Sometimes, it seems like we’re cursed to sit through a Ted Bundy film every year.
Filmmaker Devanny Pinn states she’d like us to think of the victims not him, which is fair enough – though her Elephant-like approach (prowling camera, improv-sounding chat, lots of shadow, lots of physical detail but little context) means we’re detached from the character listed in the end credits as Me (Andrew Sykes), whose face is seldom clearly shown but is in every scene, but also at one remove from everyone he spies on, runs into, tries to chat up or kills. In 1978, Bundy was in Florida after a jailbreak and walked into a sorority house in the middle of the night carrying a chunk firewood and assaulted and/or killed several young women. One of the witnesses describes the intruder as a ‘black mass’ and Pinn goes out of her way to show what an awful, inadequate creep Bundy was even before she shows the killings (a tough watch).
Way back in Ted Bundy (2002) – an early FF selection – director Matthew Bright made a point of showing how a lack of paranoia made the 1970s a hunting ground for sharks like Bundy and there are moments here which suggest how easy things were made for him before awareness got round that the spectre of the serial killer stalked America. Even in the small hours, the sorority house wasn’t locked.
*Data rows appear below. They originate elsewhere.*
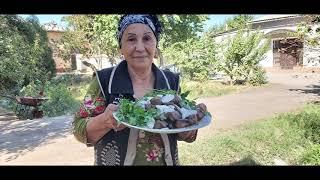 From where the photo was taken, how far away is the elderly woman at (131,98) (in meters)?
1.14

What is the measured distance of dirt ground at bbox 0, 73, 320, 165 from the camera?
3080 millimetres

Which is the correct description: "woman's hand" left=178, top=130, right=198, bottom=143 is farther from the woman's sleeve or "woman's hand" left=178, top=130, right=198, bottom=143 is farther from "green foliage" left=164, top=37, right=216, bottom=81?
"green foliage" left=164, top=37, right=216, bottom=81

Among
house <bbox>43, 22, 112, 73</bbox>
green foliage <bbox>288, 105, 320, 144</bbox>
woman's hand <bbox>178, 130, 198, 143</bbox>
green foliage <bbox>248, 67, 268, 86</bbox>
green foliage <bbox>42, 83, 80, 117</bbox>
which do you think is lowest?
green foliage <bbox>288, 105, 320, 144</bbox>

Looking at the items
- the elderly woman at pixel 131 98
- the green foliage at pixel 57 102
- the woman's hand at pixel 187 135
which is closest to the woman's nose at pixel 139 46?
the elderly woman at pixel 131 98

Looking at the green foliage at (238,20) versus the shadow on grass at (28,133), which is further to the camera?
the shadow on grass at (28,133)

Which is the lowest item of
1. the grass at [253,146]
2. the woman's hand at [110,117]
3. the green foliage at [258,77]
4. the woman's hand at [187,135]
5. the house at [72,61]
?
the grass at [253,146]

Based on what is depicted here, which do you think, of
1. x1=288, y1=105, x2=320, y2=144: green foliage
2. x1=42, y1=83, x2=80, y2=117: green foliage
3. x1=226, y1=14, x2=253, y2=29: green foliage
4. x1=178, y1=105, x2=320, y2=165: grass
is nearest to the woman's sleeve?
x1=226, y1=14, x2=253, y2=29: green foliage

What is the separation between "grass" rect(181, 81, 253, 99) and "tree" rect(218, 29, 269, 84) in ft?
0.57

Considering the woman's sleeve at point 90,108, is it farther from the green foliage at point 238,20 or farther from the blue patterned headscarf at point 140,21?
the green foliage at point 238,20

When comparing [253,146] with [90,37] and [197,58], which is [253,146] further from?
[90,37]

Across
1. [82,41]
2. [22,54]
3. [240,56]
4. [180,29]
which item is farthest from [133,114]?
[240,56]

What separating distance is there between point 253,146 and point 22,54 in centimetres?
295

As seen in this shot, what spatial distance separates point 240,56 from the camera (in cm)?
588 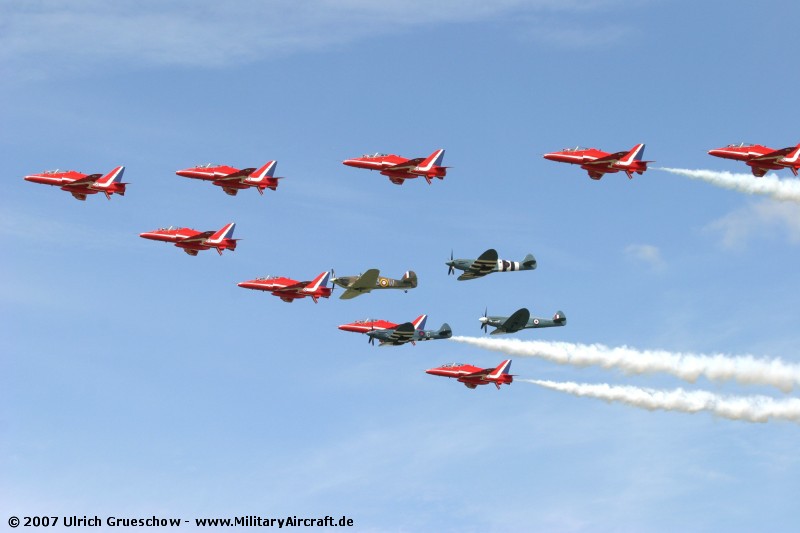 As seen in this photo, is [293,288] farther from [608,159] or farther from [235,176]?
[608,159]

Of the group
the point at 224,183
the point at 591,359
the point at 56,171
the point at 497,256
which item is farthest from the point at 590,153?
the point at 56,171

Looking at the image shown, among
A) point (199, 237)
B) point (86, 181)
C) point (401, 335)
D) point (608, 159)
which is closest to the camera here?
point (608, 159)

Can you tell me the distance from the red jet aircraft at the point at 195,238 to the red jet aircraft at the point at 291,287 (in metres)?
7.49

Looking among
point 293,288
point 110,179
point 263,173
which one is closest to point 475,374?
point 293,288

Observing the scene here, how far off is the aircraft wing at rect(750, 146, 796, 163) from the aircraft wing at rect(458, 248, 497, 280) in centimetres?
3309

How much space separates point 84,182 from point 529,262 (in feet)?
184

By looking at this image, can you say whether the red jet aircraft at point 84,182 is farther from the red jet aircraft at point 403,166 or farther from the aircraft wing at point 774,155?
the aircraft wing at point 774,155

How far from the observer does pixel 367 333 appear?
18162 centimetres

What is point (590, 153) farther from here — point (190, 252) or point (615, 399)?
point (190, 252)

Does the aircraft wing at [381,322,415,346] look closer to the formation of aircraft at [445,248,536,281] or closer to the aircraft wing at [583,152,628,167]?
the formation of aircraft at [445,248,536,281]

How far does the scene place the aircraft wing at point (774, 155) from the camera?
16688 cm

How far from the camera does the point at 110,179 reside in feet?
571

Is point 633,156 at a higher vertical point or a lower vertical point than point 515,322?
higher

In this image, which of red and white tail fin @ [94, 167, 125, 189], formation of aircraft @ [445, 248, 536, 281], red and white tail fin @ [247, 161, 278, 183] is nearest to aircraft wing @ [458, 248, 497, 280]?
formation of aircraft @ [445, 248, 536, 281]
A girl is casually happy to accept an obvious wild story about why he’d like her to get in his car (he’s pulled that fake cast on the hand stunt seen in The Silence of the Lambs) and only saved because someone else is watching too closely But it’s also true that for the first hour of the film, ‘me’ registers as such a creep that he’s paradoxically treated as less of a threat – people he talks to don’t necessarily believe his line (he pays for small items with a credit card and ID which blatantly aren’t his) but also just reckon he’s one of any number of bottom-feeding liars who hang around bars claiming to be what they aren’t and accept being bounced into the street as their lot.